═══ Information provided

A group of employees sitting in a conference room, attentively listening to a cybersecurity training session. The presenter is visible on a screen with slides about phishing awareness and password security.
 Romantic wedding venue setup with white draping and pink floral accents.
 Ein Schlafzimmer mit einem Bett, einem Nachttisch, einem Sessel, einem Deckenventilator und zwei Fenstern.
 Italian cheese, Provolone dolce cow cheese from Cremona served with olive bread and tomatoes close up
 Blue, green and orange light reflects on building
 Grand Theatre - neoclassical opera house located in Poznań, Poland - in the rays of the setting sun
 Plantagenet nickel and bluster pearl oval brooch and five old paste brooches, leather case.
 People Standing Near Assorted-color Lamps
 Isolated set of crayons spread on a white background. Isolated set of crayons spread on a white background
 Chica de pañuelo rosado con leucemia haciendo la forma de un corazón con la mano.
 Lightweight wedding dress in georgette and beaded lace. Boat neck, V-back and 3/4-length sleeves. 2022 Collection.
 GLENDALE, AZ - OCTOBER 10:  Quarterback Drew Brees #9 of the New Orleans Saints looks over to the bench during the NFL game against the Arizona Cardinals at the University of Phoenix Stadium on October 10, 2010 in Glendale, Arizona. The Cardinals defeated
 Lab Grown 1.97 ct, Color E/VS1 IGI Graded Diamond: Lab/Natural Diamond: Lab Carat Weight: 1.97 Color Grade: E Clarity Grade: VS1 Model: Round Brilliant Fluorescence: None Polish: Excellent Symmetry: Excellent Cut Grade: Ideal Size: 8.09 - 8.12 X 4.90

══════

**Problem details:** Beginning at the line that holds "GLENDALE, AZ - OCTOBER", reproduce the lines exactly up to and including the final line of the entries.

**Response to the task:**
 GLENDALE, AZ - OCTOBER 10:  Quarterback Drew Brees #9 of the New Orleans Saints looks over to the bench during the NFL game against the Arizona Cardinals at the University of Phoenix Stadium on October 10, 2010 in Glendale, Arizona. The Cardinals defeated
 Lab Grown 1.97 ct, Color E/VS1 IGI Graded Diamond: Lab/Natural Diamond: Lab Carat Weight: 1.97 Color Grade: E Clarity Grade: VS1 Model: Round Brilliant Fluorescence: None Polish: Excellent Symmetry: Excellent Cut Grade: Ideal Size: 8.09 - 8.12 X 4.90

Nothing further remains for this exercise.